17 Hertz Studio was a  recording studio complex in Los Angeles, California originally established in 1972 as One on One Recording.

Background
Jim David (son of lyricist Hal David) founded One on One Recording in 1972 in the site of a former 1950s department store in North Hollywood.

The studio was popular for having the "best drum sound in Los Angeles" and was highly recognized for recording Metallica's 16× platinum self-titled album Metallica, also known as the Black Album.
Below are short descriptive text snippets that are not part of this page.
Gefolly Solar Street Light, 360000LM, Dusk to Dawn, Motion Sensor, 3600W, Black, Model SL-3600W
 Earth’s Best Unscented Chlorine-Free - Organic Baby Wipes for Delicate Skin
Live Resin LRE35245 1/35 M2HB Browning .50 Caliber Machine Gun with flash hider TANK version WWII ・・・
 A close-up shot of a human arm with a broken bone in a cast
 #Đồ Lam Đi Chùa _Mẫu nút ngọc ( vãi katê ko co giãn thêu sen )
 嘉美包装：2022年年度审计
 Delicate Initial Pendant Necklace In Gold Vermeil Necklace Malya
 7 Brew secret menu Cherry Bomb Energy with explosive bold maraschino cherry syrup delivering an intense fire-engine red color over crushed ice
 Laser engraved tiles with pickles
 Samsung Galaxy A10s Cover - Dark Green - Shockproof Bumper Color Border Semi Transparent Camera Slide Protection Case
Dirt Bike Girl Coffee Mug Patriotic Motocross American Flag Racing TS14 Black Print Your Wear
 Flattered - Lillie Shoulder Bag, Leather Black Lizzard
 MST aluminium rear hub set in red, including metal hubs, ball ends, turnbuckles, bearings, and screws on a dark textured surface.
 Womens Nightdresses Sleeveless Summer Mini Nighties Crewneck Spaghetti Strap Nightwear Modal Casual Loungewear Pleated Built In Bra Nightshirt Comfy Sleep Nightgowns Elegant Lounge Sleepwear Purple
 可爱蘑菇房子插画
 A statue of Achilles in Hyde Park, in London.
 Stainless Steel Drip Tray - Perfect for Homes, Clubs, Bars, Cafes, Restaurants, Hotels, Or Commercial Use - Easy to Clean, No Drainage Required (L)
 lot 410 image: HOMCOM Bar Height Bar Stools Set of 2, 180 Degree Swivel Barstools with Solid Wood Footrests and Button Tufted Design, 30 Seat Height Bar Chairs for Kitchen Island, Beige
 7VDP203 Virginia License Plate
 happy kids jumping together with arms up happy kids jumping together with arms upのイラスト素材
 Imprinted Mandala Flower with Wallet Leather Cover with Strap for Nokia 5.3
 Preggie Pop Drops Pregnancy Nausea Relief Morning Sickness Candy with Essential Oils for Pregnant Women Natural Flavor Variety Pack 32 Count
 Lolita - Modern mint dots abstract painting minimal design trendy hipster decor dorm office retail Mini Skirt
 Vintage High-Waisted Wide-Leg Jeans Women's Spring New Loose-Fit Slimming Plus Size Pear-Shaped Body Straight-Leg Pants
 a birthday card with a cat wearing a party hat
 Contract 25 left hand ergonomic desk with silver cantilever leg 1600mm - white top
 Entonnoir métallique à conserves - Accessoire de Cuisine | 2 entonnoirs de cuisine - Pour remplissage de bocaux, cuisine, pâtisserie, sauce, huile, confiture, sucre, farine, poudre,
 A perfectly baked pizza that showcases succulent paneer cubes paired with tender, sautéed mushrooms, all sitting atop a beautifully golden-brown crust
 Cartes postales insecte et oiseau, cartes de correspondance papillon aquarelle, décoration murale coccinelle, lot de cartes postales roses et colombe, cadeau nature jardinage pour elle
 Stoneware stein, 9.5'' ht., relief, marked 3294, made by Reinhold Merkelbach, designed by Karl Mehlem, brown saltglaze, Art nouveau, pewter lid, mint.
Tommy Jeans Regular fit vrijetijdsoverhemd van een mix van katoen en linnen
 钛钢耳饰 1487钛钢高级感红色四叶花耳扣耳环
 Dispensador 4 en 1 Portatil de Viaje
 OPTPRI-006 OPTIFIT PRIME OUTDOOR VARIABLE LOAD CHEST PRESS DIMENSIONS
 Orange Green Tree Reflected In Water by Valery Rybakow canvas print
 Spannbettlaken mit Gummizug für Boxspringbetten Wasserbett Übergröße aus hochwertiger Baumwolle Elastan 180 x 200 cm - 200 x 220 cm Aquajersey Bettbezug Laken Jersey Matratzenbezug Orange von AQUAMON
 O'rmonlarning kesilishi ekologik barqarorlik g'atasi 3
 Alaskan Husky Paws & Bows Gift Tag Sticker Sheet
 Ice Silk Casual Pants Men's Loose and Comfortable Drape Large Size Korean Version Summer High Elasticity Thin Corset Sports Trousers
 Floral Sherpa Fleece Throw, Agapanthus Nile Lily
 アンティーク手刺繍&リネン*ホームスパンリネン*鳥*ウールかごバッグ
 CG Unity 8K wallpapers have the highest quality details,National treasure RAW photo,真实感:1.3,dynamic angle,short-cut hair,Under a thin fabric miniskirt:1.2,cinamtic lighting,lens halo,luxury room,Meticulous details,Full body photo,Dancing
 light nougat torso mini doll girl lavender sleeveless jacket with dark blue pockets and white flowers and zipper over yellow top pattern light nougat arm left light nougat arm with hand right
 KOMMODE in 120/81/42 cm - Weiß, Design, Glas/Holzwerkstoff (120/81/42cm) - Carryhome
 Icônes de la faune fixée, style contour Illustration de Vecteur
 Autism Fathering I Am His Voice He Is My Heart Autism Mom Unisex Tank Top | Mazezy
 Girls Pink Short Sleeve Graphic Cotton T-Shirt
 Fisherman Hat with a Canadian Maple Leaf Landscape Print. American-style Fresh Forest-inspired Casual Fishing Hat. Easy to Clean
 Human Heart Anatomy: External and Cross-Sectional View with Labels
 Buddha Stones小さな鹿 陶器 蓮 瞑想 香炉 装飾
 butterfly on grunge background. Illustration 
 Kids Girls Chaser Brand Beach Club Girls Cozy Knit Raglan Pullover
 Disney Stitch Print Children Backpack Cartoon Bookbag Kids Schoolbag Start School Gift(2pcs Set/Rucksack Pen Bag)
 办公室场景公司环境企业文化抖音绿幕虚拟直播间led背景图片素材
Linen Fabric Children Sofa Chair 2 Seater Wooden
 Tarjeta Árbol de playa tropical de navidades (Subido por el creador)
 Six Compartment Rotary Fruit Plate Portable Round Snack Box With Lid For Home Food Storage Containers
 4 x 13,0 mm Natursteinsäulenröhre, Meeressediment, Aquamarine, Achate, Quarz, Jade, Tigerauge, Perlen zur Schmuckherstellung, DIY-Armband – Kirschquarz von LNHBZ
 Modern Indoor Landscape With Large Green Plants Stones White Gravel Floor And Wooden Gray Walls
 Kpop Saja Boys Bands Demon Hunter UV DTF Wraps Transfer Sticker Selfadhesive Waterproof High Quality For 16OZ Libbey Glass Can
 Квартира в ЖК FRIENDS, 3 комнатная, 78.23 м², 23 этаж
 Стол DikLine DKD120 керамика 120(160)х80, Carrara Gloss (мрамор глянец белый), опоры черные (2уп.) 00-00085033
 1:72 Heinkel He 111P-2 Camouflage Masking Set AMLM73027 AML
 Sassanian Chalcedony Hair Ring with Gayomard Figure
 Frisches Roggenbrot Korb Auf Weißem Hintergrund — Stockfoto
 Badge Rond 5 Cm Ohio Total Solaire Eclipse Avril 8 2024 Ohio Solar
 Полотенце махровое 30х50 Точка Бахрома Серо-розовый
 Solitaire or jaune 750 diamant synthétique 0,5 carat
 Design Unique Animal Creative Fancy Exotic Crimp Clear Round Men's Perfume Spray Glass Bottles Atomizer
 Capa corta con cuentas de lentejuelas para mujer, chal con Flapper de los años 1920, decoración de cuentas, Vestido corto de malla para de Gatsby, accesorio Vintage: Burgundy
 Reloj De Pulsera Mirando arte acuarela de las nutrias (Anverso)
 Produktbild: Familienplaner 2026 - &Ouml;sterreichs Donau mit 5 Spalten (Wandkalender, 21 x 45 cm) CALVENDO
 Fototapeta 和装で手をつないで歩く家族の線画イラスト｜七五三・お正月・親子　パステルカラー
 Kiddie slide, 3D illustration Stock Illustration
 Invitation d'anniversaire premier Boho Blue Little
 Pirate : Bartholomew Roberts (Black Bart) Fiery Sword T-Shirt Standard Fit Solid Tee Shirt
The studio was featured in Metallica's 1992 documentary, A Year and a Half in the Life of Metallica.

Notable albums recorded at this location include Metallica's Black Album, Metallica's ...And Justice for All, The Ritual by Testament, Awake by Dream Theater, When The Pawn... by Fiona Apple, Crazy Nights and Psycho Circus  by Kiss, and Dirt by Alice in Chains. Rust in Peace by Megadeth, was also mixed here.

In 1993, news about the studio piqued the interest of Japanese rock musician Yoshiki Hayashi, drummer of heavy metal band X Japan. He tried to book recording time but was told he would have to wait over a year due to a long waiting list of clients. Preferring not to wait, Yoshiki bought the studio, converting it into his private recording facility and eventually renaming it Extasy Recording Studio.

In 2012, 17 Hertz LLC took over the space, restoring it and renaming it to 17 Hertz Studio.

Clients
Acts that used the facility included Metallica, Megadeth, Testament, Dream Theater, KISS, Alice in Chains, Michael Jackson, Jimi Hendrix, The Temptations, Hal David, Burt Bacharach, Dionne Warwick, Michael McDonald, Heart, Sammy Hagar, Bad English, Etta James, Aretha Franklin, Mötley Crüe, Tom Petty, Lita Ford, A Perfect Circle, Poison, Earth, Wind & Fire, Dirtyphonics, and Sullivan King.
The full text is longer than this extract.